问题
I am trying to extract substrings from a unstructured text. For example, assume a vector of country names:
countries <- c("United States", "Israel", "Canada")
How do I go about passing this vector of character values to extract exact matches from unstructured text.
text.df <- data.frame(ID = c(1:5),
text = c("United States is a match", "Not a match", "Not a match",
"Israel is a match", "Canada is a match"))
In this example, the desired output would be:
ID text
1 United States
4 Israel
5 Canada
So far I have been working with gsub by where I remove all non-matches and then eliminate then remove rows with empty values. I have also been working with str_extract from the stringr package, but haven't had success getting the arugments for the regular expression correct.
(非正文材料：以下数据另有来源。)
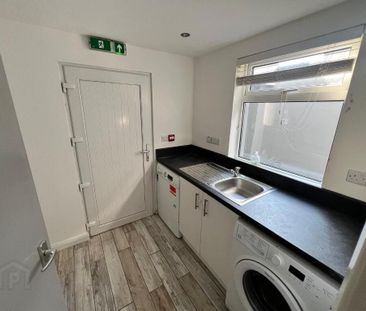 37 Causeway Street, Portrush, BT56 8AB - Photo 1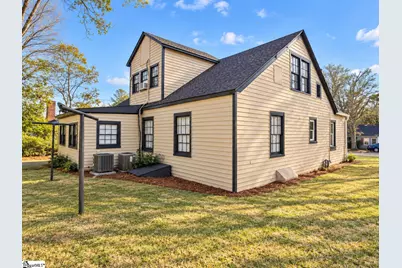 211 California Avenue, Spartanburg, SC 29303 - Photo 2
Any assistance would be greatly appreciated!
回答1:
1. stringr
We could first subset the 'text.df' using the 'indx' (formed from collapsing the 'countries' vector) as pattern in 'grep' and then use 'str_extract' the get the pattern elements from the 'text' column, assign that to 'text' column of the subset dataset ('text.df1')
library(stringr)
indx <- paste(countries, collapse="|")
text.df1 <- text.df[grep(indx, text.df$text),]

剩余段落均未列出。